● What this task involves
With pictures excluded, retype exactly every line from the one containing "Similar image 10948979" to the end of the records below.

● ● ● ● ●

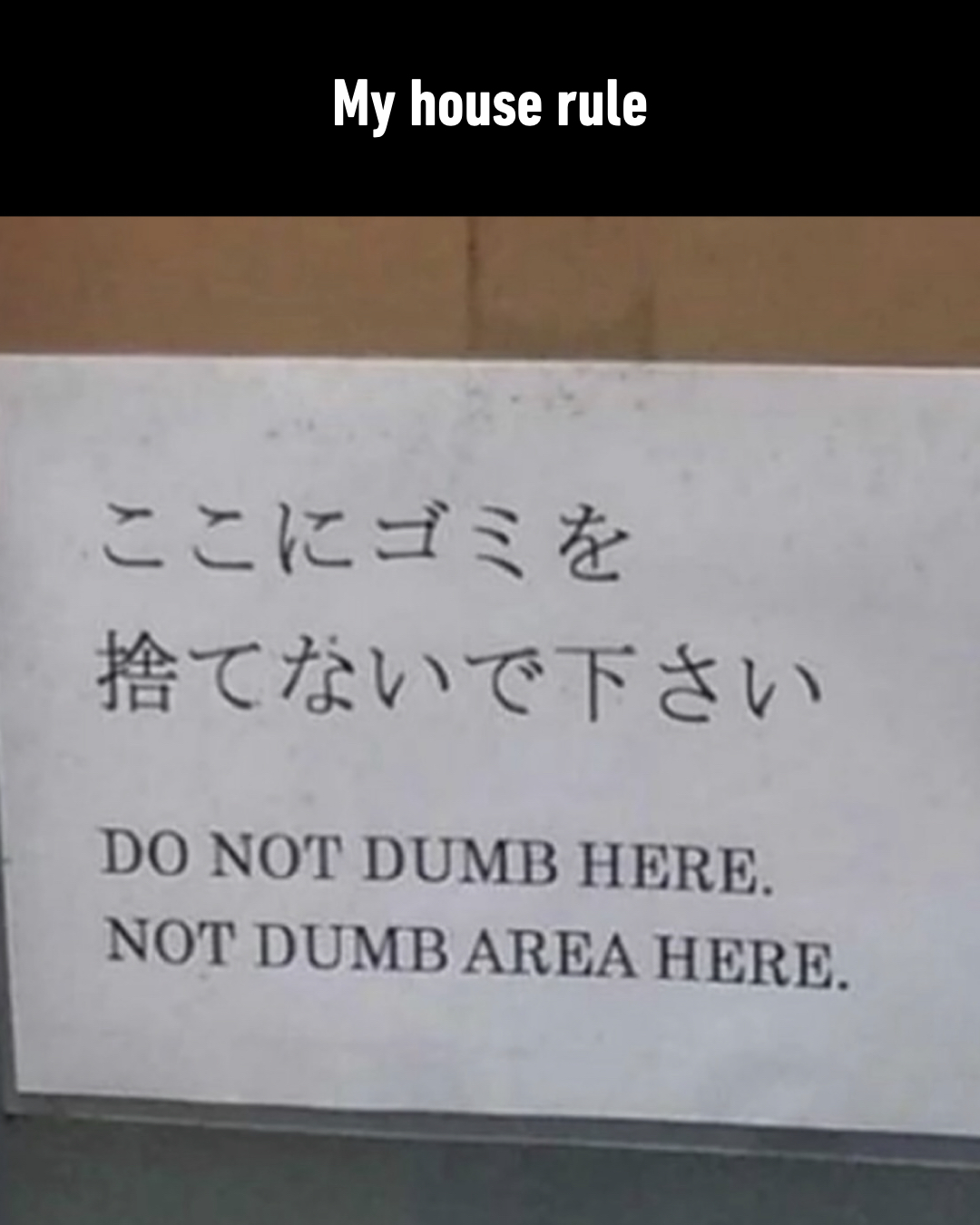 do not dumb here, not dumb area here, my house rule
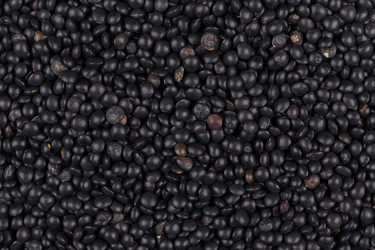 Similar image 10948979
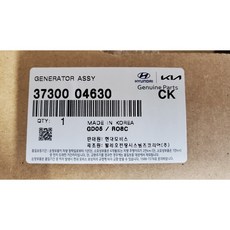 레이알터네이터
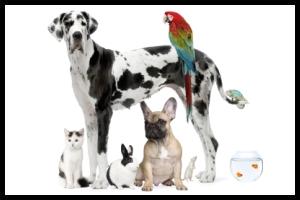 Pet Supplies &amp; Accessories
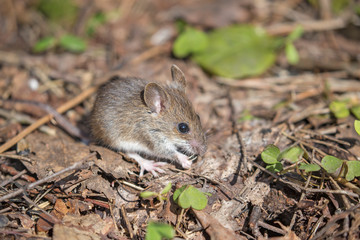 Naklejka na ściany i meble House Mouse (Mus domesticus). gray mouse in nature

● ● ● ● ●

● Reply
 Similar image 10948979
 레이알터네이터
 Pet Supplies &amp; Accessories
 Naklejka na ściany i meble House Mouse (Mus domesticus). gray mouse in nature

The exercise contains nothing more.